Ransomware - A Real Danger
Be knowledgeable and prepared
Protect Your Business
Ransomware (definition): An online attack perpetrated by cybercriminals who demand ransom to release hold on encrypted or stolen data. In the past decade, attacks that fall under the ‘ransomware’ umbrella have evolved from a consumer-level nuisance of fake antivirus products, to sophisticated malware with advanced encryption capabilities that now primarily target public and private sector organizations. And while threat intelligence can help uncover which organizations may be considered primary targets at any given time, no single industry, geography or size of business is immune. As the footprint of ransomware keeps evolving, so too does the amount of ransom demanded to release data. Ransom amounts that used to total double digits have grown to seven and eight figure numbers. In even more extreme cases, attackers demand victimized companies pay as much as $40M to $80M U.S. to have data released back to their control.

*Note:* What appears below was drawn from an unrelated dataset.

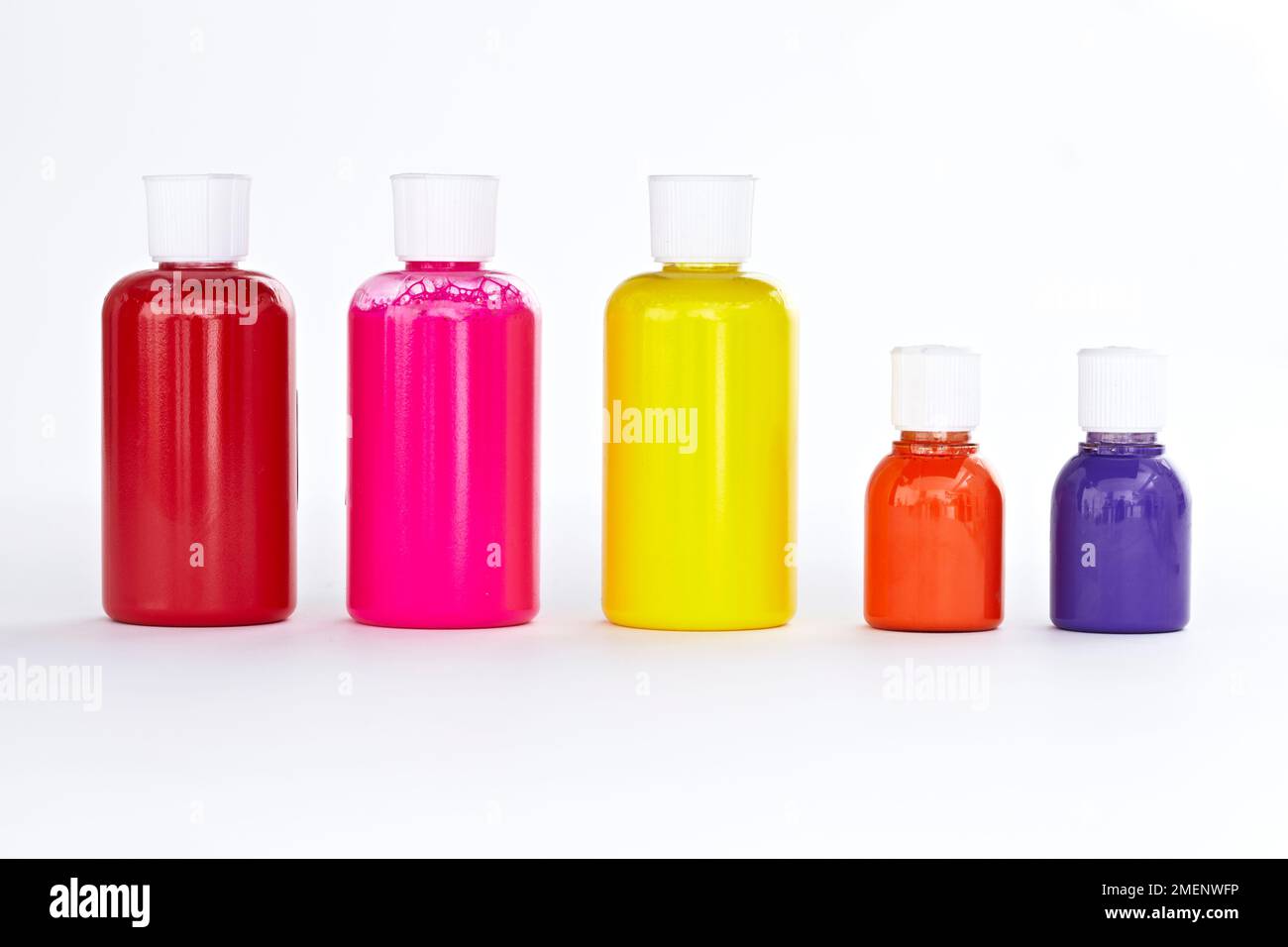 Five clear plastic bottles containing silk paints Stock Photo Alamy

Ransomware has evolved along a third axis, as well: the extortion-like business model threat actors use to force payment from victims. If victims fail to pay within the allotted time, criminals escalate the attack and threaten to release confidential data publicly, or even auction it to the highest bidder on the dark web. And in yet another evolutionary twist, ransomware is now sometimes blended with destructive attacks, ultimately aimed at destroying and disrupting operations despite claims to return the data once the ransom is paid. Ransomware is one of cybercrime’s strongest business models today, pushing aside long held staples like banking Trojans, phishing, DDoS, and cryptojacking. Ransomware has crippled organizations across the globe carrying with it cumulative price tag well into the billions of dollars. In an even darker twist, ransomware has even begun reaping a toll on human life itsel
The urgency of informed response
When a ransomware attack is discovered, every second counts. Uninterrupted, time is the ally of the attacker. As time passes, more data and files are encrypted, more devices are infected, ultimately driving up both cost an damage. Immediate—yet methodical and informed—action must be taken.
Alerting IT security teams and allowing them to launch the incident response process that they have prepared to combat ransomware should be a first step. If you have a retainer contract with a third party provider it is advisable to engage them as well. Other parties to consider contacting are federal law enforcement and regulators, depending on the local requirements for the geographies in which your company operates.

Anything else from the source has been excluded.